Boat lookls great! Lot of ? about what you did things for and materials you used. 
This is a test post , first post .


----------



## To Many Hobbies (Dec 31, 2008)

what material was used for the keel, stainless or aluminum and did you use stainless bolts to mount it and the black material? where do you get the black and white material? did you just put the black material on to keep from slicing the bottom over the dikes? my old hunting partner and i hunted shiawassee for many years and never had a problem , we always pulled by hand. my son is 12, so i can get back out there now so i bought him a nice old myers 12 ft we are going to hunt out of and i would like to make sure his boat will not end up recked. using my motor of my 14ft boat and my trailer. any info would be great.


----------



## DiversDown (Nov 17, 2005)

Dan,

I saw this picture on a repo auction site and thought maybe your boat got repo'd


----------



## Shiawassee_Kid (Nov 28, 2000)

ah man diver i let this thread go and missed your post (just seeing it now). thats an awesome paint on that old boat.

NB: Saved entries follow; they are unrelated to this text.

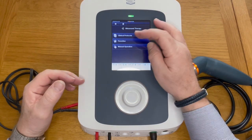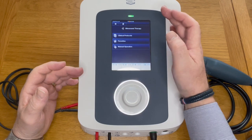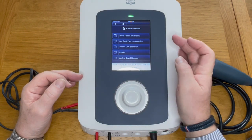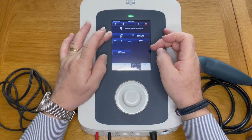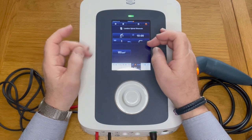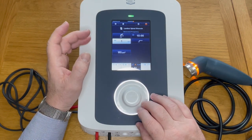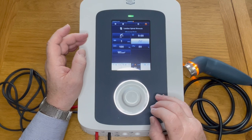In ultrasound, we again have clinical protocols, favorites, and manual operation. Clinical protocols work the same as before — press it and there are five pages. Let's select spine: it's set to 10 minutes, continuous output, one megahertz, channel A, displayed in watts per centimeter. You can press the button to change the frequency — this is a one and three megahertz ultrasound head and you can switch between both. You can also change the time by rotating the dial and switch to pulse mode.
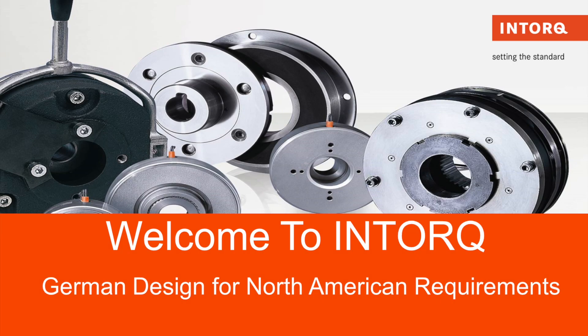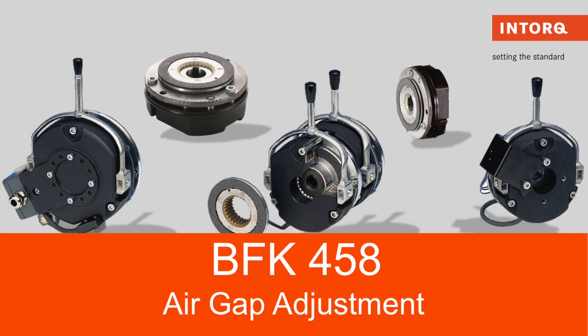Welcome to InTorque US Inc. — German Design for North American Requirements. Today our video will be on how to adjust the air gap on our BFK458 brake when it is out of specification.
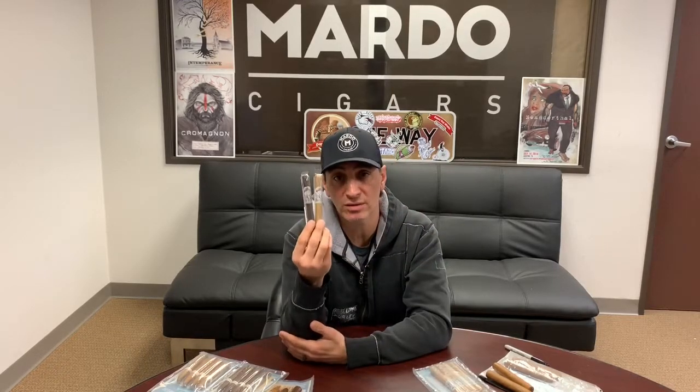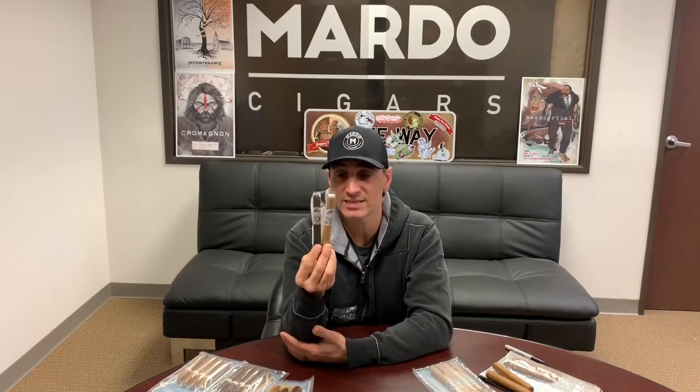This is the Corona size and we do have them on our website. Please visit modelcigars.com, go to Sinistro, scroll down to Laos Cowboy, and check out the prices and sizes that we have available.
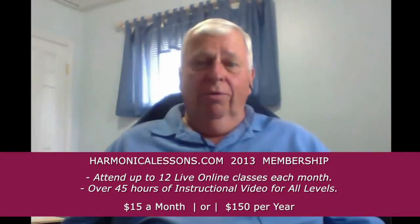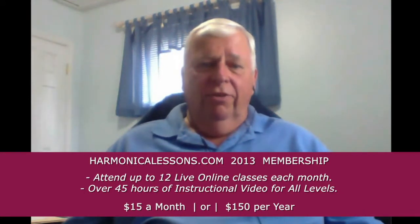If you want to work on your own, there's over 75 archive classes on the site. There's also a lot of songs and riffs and other techniques for playing and jamming. I think overall it's a great value for your dollar.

Also, if anyone is sitting on an old duck boat pre-1950's and is looking to sell it, feel free to send me a pm. I'm looking for another old 1 man/2 man 10' to 14' duck boat to restore this winter. aluminum only.


----------



## wavie (Feb 2, 2004)

Kid, might want to copy this design.

http://www.mshipco.com/military_m80.html

I think it would work for the bay.

I like the paint design. Deploys 16ft boat out the back and hauls [email protected]#!


----------